During twenty-eight years of the reign of Louis VII. no heir to the crown was born. At length, on the 22nd of August, 1165, Adelaide of Champagne, his third wife, lay in child-bed and excited crowds thronged the palace in the Cite. The king, "afeared of the number of his daughters and knowing how ardently his people desired a child of the nobler sex," was beside himself with joy when the desire of his heart was held up to him; curious eyes espied the longed-for heir through an aperture of the door and in a moment the good news was spread abroad. There was a sound of clarions and of bells and the city as by enchantment shone with an aureole of light. An English student roused by the uproar and the glare of what seemed like a great conflagration leapt to the window and beheld two old women hurrying by with lighted tapers. He asked the cause. They answered: "God has given us this night a royal heir, by whose hand your king shall suffer shame and ill-hap." This was the birth of Philip le Dieu-donne—Philip sent of Heaven—better known as Philip Augustus. Under him and Louis IX. mediaeval Paris, faithfully reflecting the fortunes of the French Monarchy, attained its highest development.

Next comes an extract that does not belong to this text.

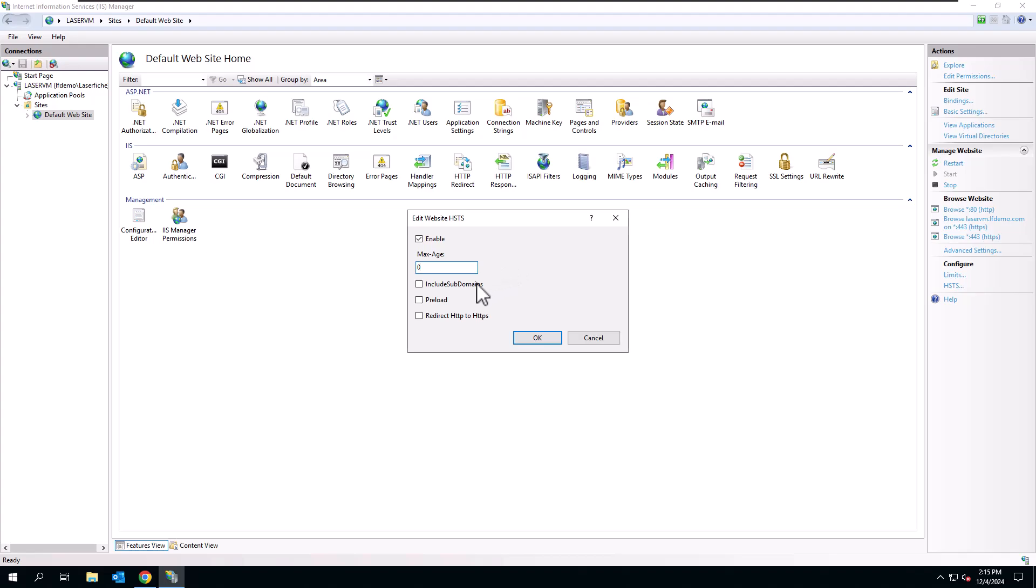You can also tell it to include subdomains. So if you set that, any subdomains of the primary domain will automatically get this setting as well. So that's an easy way to not have to set it for everything.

When Philip Augustus took up the sceptre at fifteen years of age, the little realm of the Isle de France was throttled by a ring of great and practically independent feudatories, and in extent was no larger than half-a-dozen of the eighty-seven departments into which France is now divided. The English king held the mouths of all the great rivers and all the great cities, Rouen, Tours, Bordeaux. In thirty years Philip had burst through to the sea, subdued the Duke of Burgundy and the great counts, wrested the sovereignty of Normandy, Brittany and Maine from the English Crown, won Poitou and Aquitaine, crushed the emperor and his vassals in the memorable battle of Bouvines, and become one of the greatest of European monarchs. The king, who had owed his life to the excellence of his armour,[48] was received in Paris with a frenzy of joy. The whole city came forth to meet him, flowers were strewn in his path, the streets were hung with tapestry, Te Deums sung in all the churches, and for seven days and nights the popular enthusiasm expressed itself in dance, in song and joyous revel. It was the first national event in France. The Count of Flanders was imprisoned in the new fortress of the Louvre, where he lay for thirteen years, with ample leisure to meditate on the fate of rebellious feudatories. "Never after," say the chroniclers, "was war waged on King Philip, but he lived in peace."

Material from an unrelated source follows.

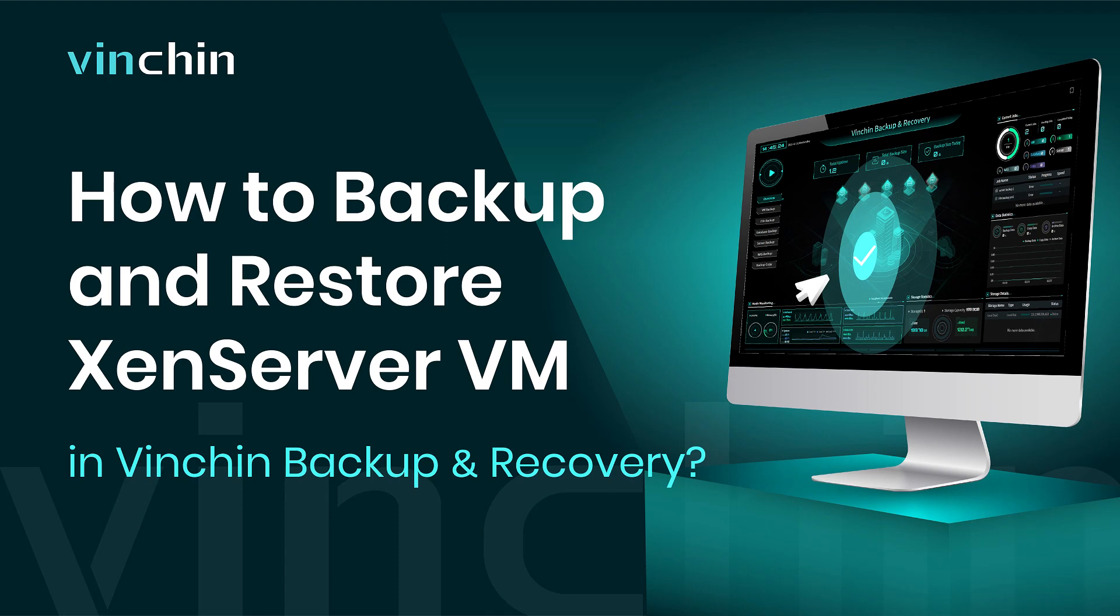Hello and welcome to Vinchin. In this video, you will learn how to create backup and restore jobs for XenServer VM in Vinchin Backup and Recovery.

[Footnote 48: In the ardour of the fight the king found himself surrounded by the enemy's footmen, was unhorsed, and while they were vainly seeking for a vulnerable spot in his armour some French knights had time to rescue him.]

Two vast undertakings make the name of Philip Augustus memorable in Paris—the beginning of the paving of the city and the building of its girdle of walls and towers. One day as the king stood at the window of his palace, where he was wont to distract himself from the cares of state by watching the Seine flow by, some carts rattled along the muddy road beneath the window and stirred so foul and overpowering an odour that the king almost fell sick. Next day the provost and the sheriffs and chief citizens were summoned before him and ordered to set about paving the city with stone. The work was not however completed until the reign of Charles V., a century and a half later. It was done well and lasted till the sixteenth century, when it was replaced by the miserable cobbles, known as the pavement of the League. Whether the city grew much sweeter is doubtful; certainly Paris in the sixteenth, seventeenth and eighteenth centuries was as evil-smelling as ever. Montaigne, in the second half of the sixteenth century, complains that the acrid smell of the mud of Paris weakened the affection he bore to that fair city, and Howell writes in 1620, "the city is always dirty, and by perpetual motion the mud is beaten into a thick, black and unctuous oil that sticks so that no art can wash it off, and besides the indelible stain it leaves, gives so strong a scent that it may be smelt many miles off, if the wind be in one's face as one comes from the fresh air of the country." Horace Walpole in the eighteenth century, called Paris "the beastliest town in the universe."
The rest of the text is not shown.